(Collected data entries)

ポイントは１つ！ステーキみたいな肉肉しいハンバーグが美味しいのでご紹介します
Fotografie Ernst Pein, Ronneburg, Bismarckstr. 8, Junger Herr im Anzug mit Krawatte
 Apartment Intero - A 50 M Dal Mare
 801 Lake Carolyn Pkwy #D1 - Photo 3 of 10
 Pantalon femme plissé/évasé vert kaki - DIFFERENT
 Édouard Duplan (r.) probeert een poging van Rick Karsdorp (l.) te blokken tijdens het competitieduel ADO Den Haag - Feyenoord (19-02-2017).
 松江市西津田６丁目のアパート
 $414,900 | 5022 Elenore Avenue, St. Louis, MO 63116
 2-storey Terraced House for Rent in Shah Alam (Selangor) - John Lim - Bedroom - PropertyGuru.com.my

**Prompt:** Copy exactly the line that contains "Apartment Intero - A 50 M Dal Mare" and every line after it through the end of the entries, with nothing added.

**Solved exercise:**
 Apartment Intero - A 50 M Dal Mare
 801 Lake Carolyn Pkwy #D1 - Photo 3 of 10
 Pantalon femme plissé/évasé vert kaki - DIFFERENT
 Édouard Duplan (r.) probeert een poging van Rick Karsdorp (l.) te blokken tijdens het competitieduel ADO Den Haag - Feyenoord (19-02-2017).
 松江市西津田６丁目のアパート
 $414,900 | 5022 Elenore Avenue, St. Louis, MO 63116
 2-storey Terraced House for Rent in Shah Alam (Selangor) - John Lim - Bedroom - PropertyGuru.com.my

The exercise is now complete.